▶ [EXERCISE DESCRIPTION]:
Output each entry that follows exactly. Images stay out.

▶ [INPUT RECORDS]:
-- Opening Marker --
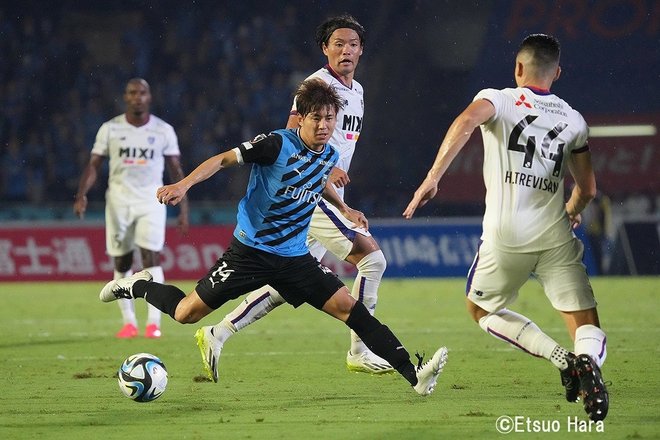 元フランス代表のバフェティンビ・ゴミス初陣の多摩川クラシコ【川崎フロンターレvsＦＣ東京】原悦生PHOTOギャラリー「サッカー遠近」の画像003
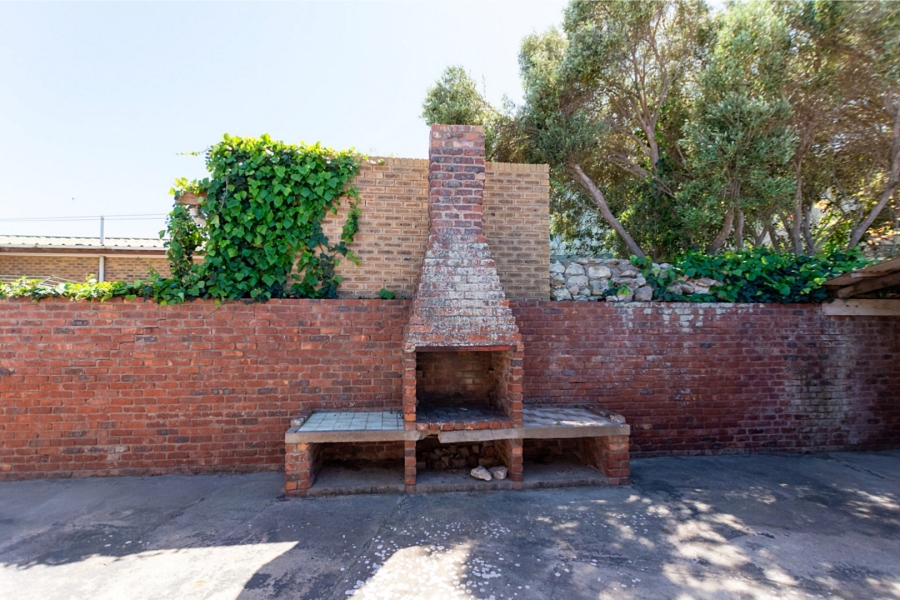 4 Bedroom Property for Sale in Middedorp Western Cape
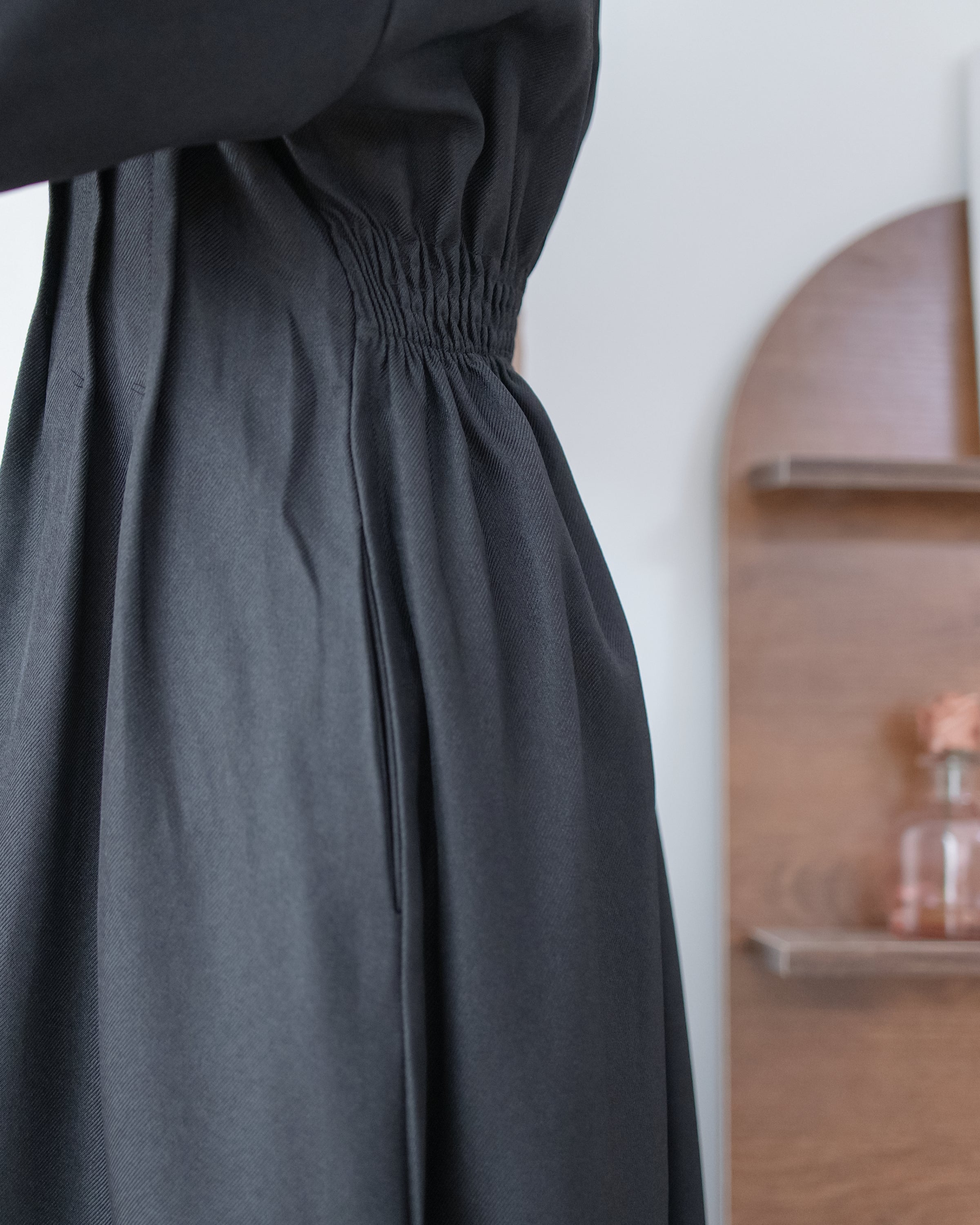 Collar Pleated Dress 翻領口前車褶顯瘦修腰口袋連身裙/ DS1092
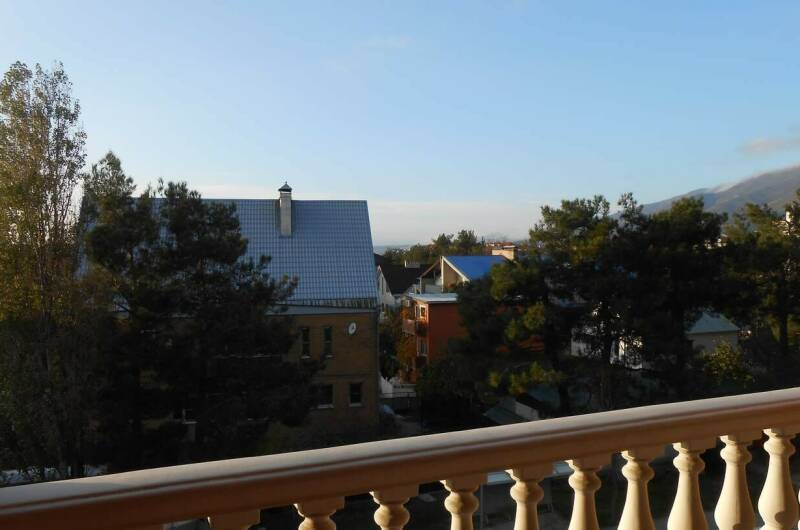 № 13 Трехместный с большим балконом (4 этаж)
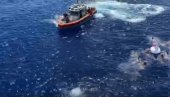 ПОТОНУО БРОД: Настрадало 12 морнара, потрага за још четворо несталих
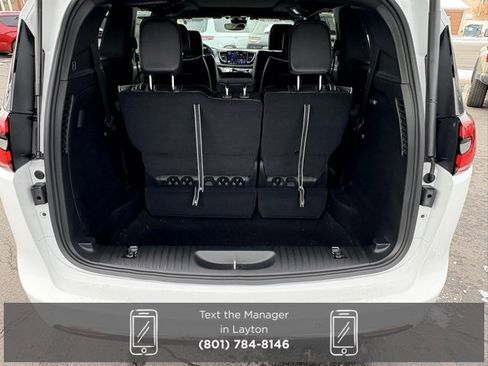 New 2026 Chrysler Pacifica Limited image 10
-- Closing Marker --
▶ [ANSWER FOR THIS EXERCISE]:
 元フランス代表のバフェティンビ・ゴミス初陣の多摩川クラシコ【川崎フロンターレvsＦＣ東京】原悦生PHOTOギャラリー「サッカー遠近」の画像003
 4 Bedroom Property for Sale in Middedorp Western Cape
 Collar Pleated Dress 翻領口前車褶顯瘦修腰口袋連身裙/ DS1092
 № 13 Трехместный с большим балконом (4 этаж)
 ПОТОНУО БРОД: Настрадало 12 морнара, потрага за још четворо несталих
 New 2026 Chrysler Pacifica Limited image 10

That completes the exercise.